You can start from the Tuolumne Campground, the Tuolumne Wilderness Office, Tuolumne Meadows Lodge or the Dog Lake parking lot, depending. All of these are roughly the same distance, but it's probably easiest to just park at the Wilderness Office, get your permit and start walking. Please note that this is a quota trail and there is no camping in the first four miles, so you don't want to start too late in the day.
You start out along the Dana Fork of the Tuolumne River, crossing that in about a half mile. It's about another .75 miles to the Twin Bridges over the Lyell Fork of the Tuolumne River. Here you meet the John Muir Trail proper, which is also the trail from the campground. The Twin Bridges area is a gorgeous site — nice meadows, gracefully formed granite cascades and views off to Mammoth Peak — and worth a quick walk in and of itself if you are just spending the night in Tuolumne.

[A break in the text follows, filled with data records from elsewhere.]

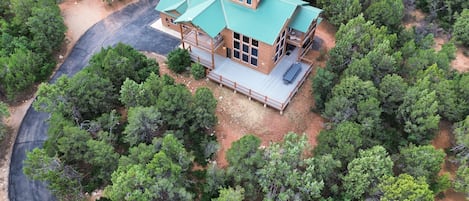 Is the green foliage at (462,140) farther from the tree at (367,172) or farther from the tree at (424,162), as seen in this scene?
Result: the tree at (367,172)

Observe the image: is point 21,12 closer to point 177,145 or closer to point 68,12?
point 68,12

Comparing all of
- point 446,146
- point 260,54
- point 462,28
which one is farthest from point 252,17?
point 462,28

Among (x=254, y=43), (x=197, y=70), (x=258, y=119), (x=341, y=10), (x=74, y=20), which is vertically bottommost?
(x=258, y=119)

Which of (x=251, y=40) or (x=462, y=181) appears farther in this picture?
(x=251, y=40)

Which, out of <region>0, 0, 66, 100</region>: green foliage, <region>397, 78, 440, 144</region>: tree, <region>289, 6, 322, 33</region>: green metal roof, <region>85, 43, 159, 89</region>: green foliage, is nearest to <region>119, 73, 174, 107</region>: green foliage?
<region>85, 43, 159, 89</region>: green foliage

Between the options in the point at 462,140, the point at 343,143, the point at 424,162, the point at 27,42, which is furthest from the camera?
the point at 27,42

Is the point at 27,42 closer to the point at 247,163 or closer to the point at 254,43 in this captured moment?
the point at 254,43

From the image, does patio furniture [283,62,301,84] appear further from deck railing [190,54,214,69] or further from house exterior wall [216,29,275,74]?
deck railing [190,54,214,69] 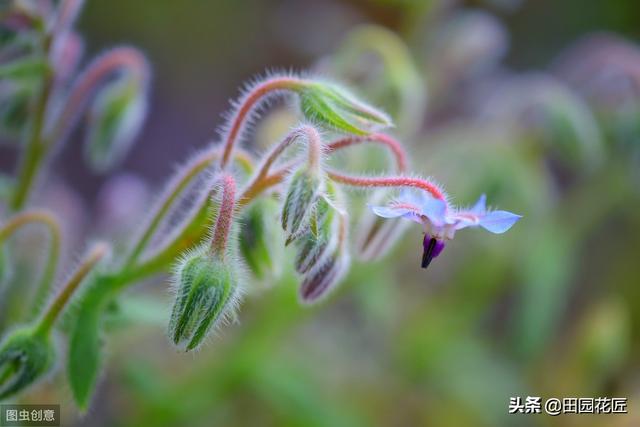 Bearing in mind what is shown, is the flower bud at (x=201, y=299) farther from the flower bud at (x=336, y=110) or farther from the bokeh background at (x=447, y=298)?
the bokeh background at (x=447, y=298)

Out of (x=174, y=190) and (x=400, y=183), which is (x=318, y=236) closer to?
(x=400, y=183)

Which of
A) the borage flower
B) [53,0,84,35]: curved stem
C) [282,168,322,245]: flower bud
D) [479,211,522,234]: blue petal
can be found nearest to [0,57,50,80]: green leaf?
[53,0,84,35]: curved stem

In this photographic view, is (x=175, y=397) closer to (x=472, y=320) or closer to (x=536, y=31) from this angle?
(x=472, y=320)

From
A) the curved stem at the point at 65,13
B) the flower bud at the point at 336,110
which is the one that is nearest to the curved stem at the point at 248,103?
the flower bud at the point at 336,110

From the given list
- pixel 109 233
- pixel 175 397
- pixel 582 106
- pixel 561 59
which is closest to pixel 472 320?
pixel 582 106

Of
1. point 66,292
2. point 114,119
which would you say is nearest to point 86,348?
point 66,292

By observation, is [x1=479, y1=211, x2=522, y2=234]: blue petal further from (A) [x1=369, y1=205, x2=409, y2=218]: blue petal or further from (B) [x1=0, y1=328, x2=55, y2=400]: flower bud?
(B) [x1=0, y1=328, x2=55, y2=400]: flower bud

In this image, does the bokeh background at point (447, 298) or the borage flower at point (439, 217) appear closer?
the borage flower at point (439, 217) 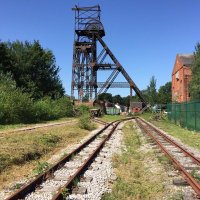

In another half mile, you come to a trail junction. The righthand branch takes you up Rafferty Creek to Vogelsang High Sierra Camp in 5.7 miles. Our hike stays left on relatively flat ground that alternates pleasantly between lodgepole forest and meadows. You'll eventually arrive back at the Lyell Fork and soon find meadows, shade trees and rock bluffs that all call for a break. At the first small outcrop, one day I saw a man fly fishing off the outcrop, hikers having lunch, a man with a hammock strung between two trees, and some folks dipping their feet in the creek. All in all, it's a shame to move too quickly through here.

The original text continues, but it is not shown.